Он снова покачал головой.
– У тебя есть устремления? Планы?
– Вот если бы ты не затевал сегодня игру в вопросы и ответы, мне было бы легче воспринимать этот разговор всерьез.
Он поцокал языком.
– Ух какая сердитая.
– Скорее усталая. Можешь это себе представить? Давай я пойду, а?
– Не знаю почему, но ты мне нравишься, – сказал он. – Я был бы рад, если бы у тебя что-то начало получаться.
Она не стала ждать, что он еще скажет. В вестибюле три сослуживицы шнуровали кроссовки: в понедельник после работы женская пробежка, повышает чувство локтя. Кому за тридцать, а кому и за сорок, все замужем, у двух дети, и чтобы узнать, что они думают о Пип, суперсил не требовалось: нытик, неудачница, считает, что все ей должны, юный магнит для Игорева Взгляда, использует его снисходительность во вред делу, особа без детских фотографий на стенках отсека.
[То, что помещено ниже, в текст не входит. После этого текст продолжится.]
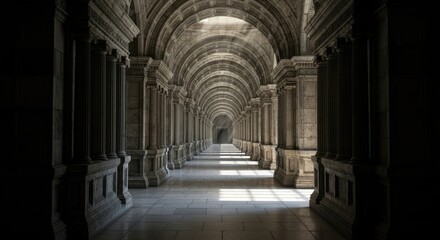 A grand, stone archway with columns and a ceiling, leading to a dark, shadowy room with a single light source.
Во многом, признавала Пип, это справедливо: едва ли какая-нибудь из них могла бы так грубить Игорю и не быть уволенной, – и все-таки она обижалась, что ее никогда не приглашают на пробежку.
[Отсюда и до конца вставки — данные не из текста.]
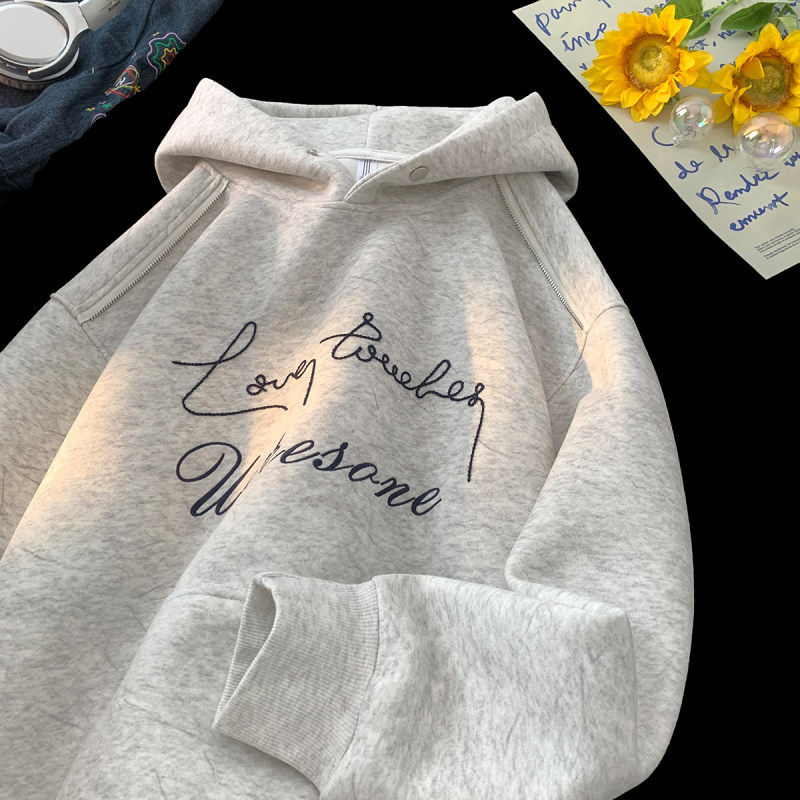 加绒加厚砂洗连帽卫衣男秋冬重磅字母保暖帽衫青少年潮牌美式外套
– Как день прошел, Пип? – спросила ее одна из них.
– Даже не знаю. – Что бы такое сказать, что не прозвучало бы как жалоба? – Кто-нибудь из вас знает рецепт веганского торта из цельнозерновой муки, чтоб не очень много сахара?
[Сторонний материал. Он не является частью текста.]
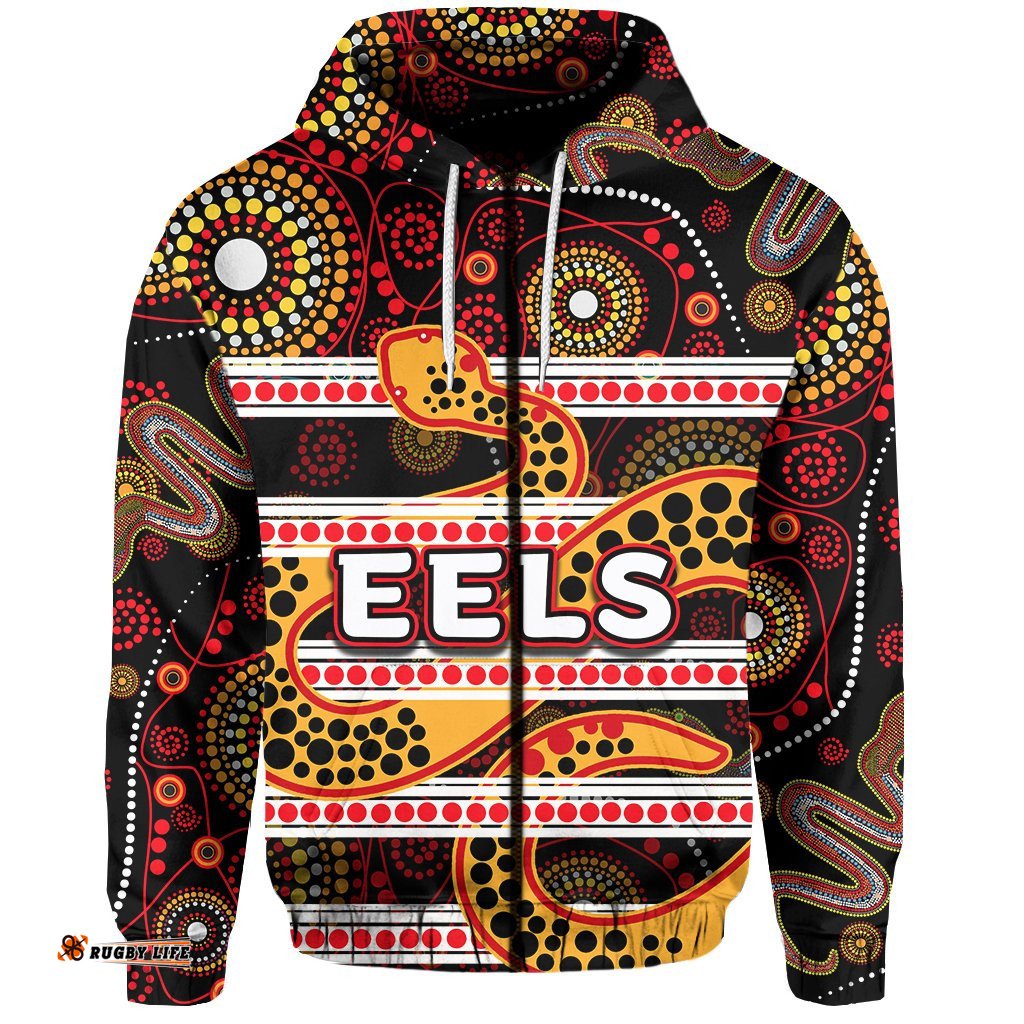 parramatta eels zip hoodie aboriginal tribal style black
Все три уставились на нее.
– Да, понимаю, понимаю, – сказала она.
– Все равно что спросить: как устроить хорошую вечеринку без выпивки, сладостей и танцев, – заметила другая сослуживица.
–
– Нет, масло – животный продукт, – сказала первая.
– А топленое? Это же просто жир без молочного белка.
– Животный жир, животный.
– Хорошо, спасибо, – промолвила Пип. – Приятной пробежки.